Para entender as causas, a *Bloomberg* americana entrevistou recrutadores de diferentes setores que descreveram pedidos que parecem um universo paralelo do processo seletivo. Motivo: exigências totalmente fora do padrão, como candidatos entre 20 e 30 anos pedindo remunerações e benefícios (muito) incompatíveis com sua experiência. A disposição dos jovens profissionais de mudarem de ideia e desistirem da vaga ou tentar renegociar condições, aumentando o turnover, é outra tensão.
Mas o que dizem os jovens candidatos? Em busca de respostas, __HSM Management__ conversou com Carolina Utimura, que além de especialista no tema é role model da geração Z. Aos 27 anos, a CEO da Eureca, empresa especializada em recrutamento e seleção de jovens para programas de estágio e trainees, galgou vários degraus na carreira e é referência em várias listas de jovens lideranças {veja quadro abaixo}.

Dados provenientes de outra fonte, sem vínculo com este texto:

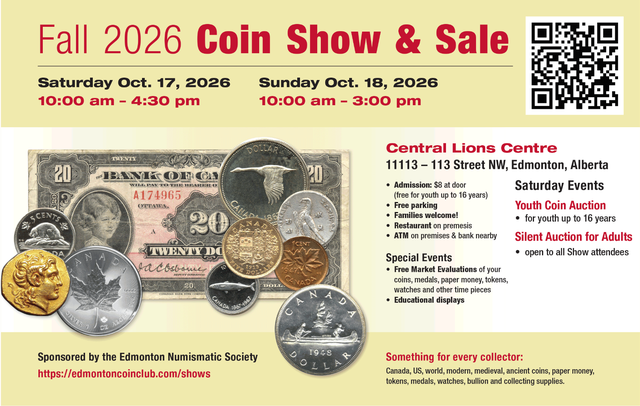 EDMONTON COIN SHOW – October 17 & 18, 2026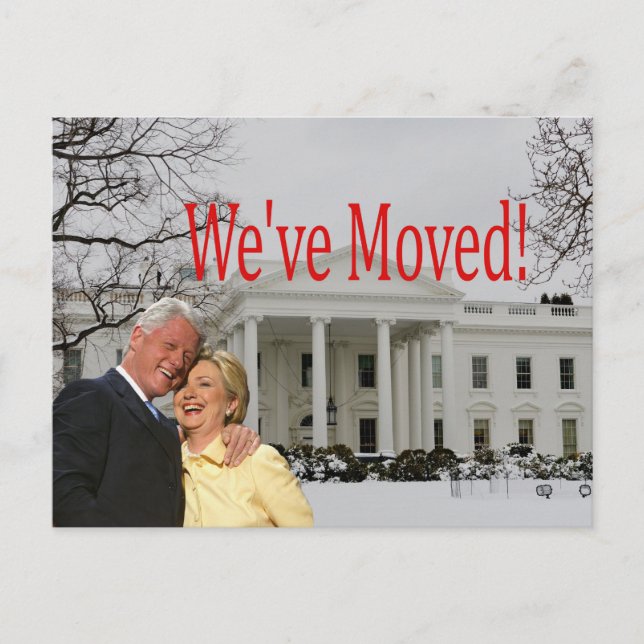 Hillary & Bill New Address Christmas card Postkarte (Vorderseite)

Geração Z na máxima potência
Carreira de Carolina Utimura mostra o potencial da geração Z
Formada em Relações Públicas pela Unesp, Carolina Utimura demonstra, na prática, várias das qualidades e dos comportamentos que ela elencou ao longo de sua entrevista: protagonismo, pensamento crítico e a escolha de carreira orientada por valores. Hoje, aos 27 anos, é CEO da Eureca, foi destaque na lista Forbes Under 30 de 2021 e foi escolhida a “jovem liderança de destaque” do prêmio Executivo de Valor de 2022, promovido pelo jornal Valor Econômico. Uma série de conquistas para quem começou sua carreira há menos de dez anos, no movimento de empresas juniores.
Aos 20 anos, na Brasil Júnior, Utimura liderou sua primeira equipe e diversos projetos. Progrediu na estrutura ao longo de quatro anos, até assumir a presidência, em meados de 2017. Ingressou na Eureca em 2018 como executiva de contas. Seis meses depois, assumiu o comando comercial e, na metade de 2020, o papel de CEO. Em paralelo, mantém suas causas e lidera uma agenda forte de ativismo com foco na juventude. Cofundou o Pacto pela Juventude pelos ODS’s (objetivos de desenvolvimento sustentável da ONU), pelo qual lançou o Atlas da Juventude, e representou o Brasil no Youth 20.
Começamos a entrevista justamente pela reclamação de estresse dos recrutadores. Utimura fez um contraponto ao questionar o perfil dos candidatos que participam dos processos. “Para dar dor de cabeça, quem esses recrutadores com burnout estão selecionando enquanto temos a maior porcentagem de jovens desempregados desde 2012?” Esse senso crítico deve ser ainda maior no Brasil, onde há um “nível de desigualdade socioeconômica tão grande que não tem como colocar todo mundo na mesma ‘raspa do tacho’”.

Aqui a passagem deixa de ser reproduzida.